Part of the beauty and attraction of Adobe Experience Manager is its system architecture—the Author, Publish, and Dispatch instances. Let’s look at a high-level overview of how these things work together. The Author instance allows content to be authored and updated easily and efficiently. The content is then activated and replicated to the Publish instance so web pages are always teeming with the newest content, ready for public consumption. The Dispatcher instance is a cached version of published content so when users hit a website, the content is readily available at increased speeds. The Publish server also lets the public-facing Dispatcher know when its content is out of date and needs to be re-cached on a content path. When a user visits a page with old, invalidated content, that page request will prompt the Dispatcher to fetch new content from the Publish instance and serve that content to the user as well as cache it. The next person to visit the page will receive a fast, updated web page.

It’s simple, right? Author new content –> activate –> publish updates –> Dispatcher is informed it has old content -> Dispatcher re-caches new content when page is visited. It really is a great system, but it isn’t without complex and interesting challenges, depending on the structure of your site and how content is being used.

The problem we faced:
What happens when you have content on one page relying on content from another page? In one particular project, we worked on a complicated site architecture where pages used information from other related pages to populate certain content. For example, Page A is related to Page B for specific content it displays. When the related Page B is updated and activated, AEM does its process and Page B is updated on the Publish instance and eventually gets updated on the Dispatcher. But Page A is relying on that content and does not know that Page B has been updated. Page A does not get re-cached or invalidated and displays old Page B content. There may be additional cases, where Page B refers to content from other pages as well. As you can imagine, this created a huge problem. This system of speed and accuracy was suddenly only fast and definitely not accurate. How did we get related content to stay updated?

Our solution:
We used a combination of an AEM workflow launcher and a custom Java class, implementing the WorkFlowProcess class. Let’s first look under the hood of how this site architecture works. The relationship is that Page A contains a property that refers to the path of Page B. There may also be several other pages: Page C, Page D, etc., that refer to and point to Page B for information and content. If we can collect all of these paths, we can do a request to the Dispatcher, telling it to invalidate and re-cache all of these pages. Whenever a page was activated, the workflow launcher kicked off the custom workflow and executed a series of JCR queries to check for the path of the recently activated page (Page B), which we got through the payload of the WorkItem Java class.

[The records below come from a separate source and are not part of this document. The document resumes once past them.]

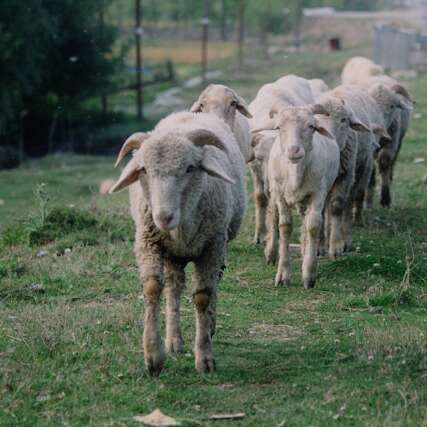 Fête de la transhumance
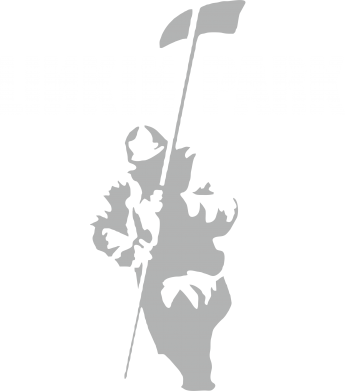   Linkin Park Album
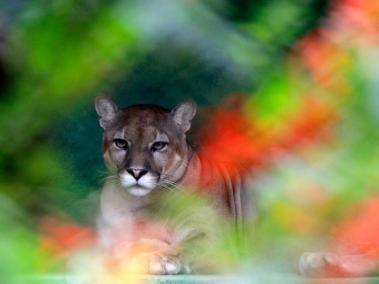 ​El puma es uno de los seis felinos silvestres con distribución en Colombia, y el segundo más grande después del jaguar.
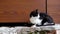 Black and white mother cat standing still looking carefully around while two kittens playing under the door try to reach her with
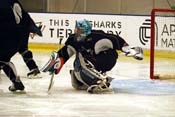 training_camp16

If Page B’s path existed in any properties in the JCR nodes of other pages, it would be related to the activated page. We conducted a check to see if Page B refers to any other additional pages. The site architecture allowed us to have an idea of which page component types to check for in our query, narrowing down where to look for relationships, but also largely relying on knowing where to look based on the page component type of the activated page. For example: one page component type—the Map Modal—will always refer to another page component type—the Location—that provides information about a physical location or an address. We knew if this address page was modified and activated, we needed to look in the pages that referenced the address pages.

We collected all the paths of pages that referred to Page B and all the pages that were referenced by Page B and did a request to the Dispatcher, telling it to invalidate all of those pages and then re-cache them.

Now, pages can be activated without worrying about the repercussions of pages relying on each other for their content! Even though it was a decent effort up front, this solution has been a big help to keep the site up to date and fresh, and has taken a big load off of the content authors.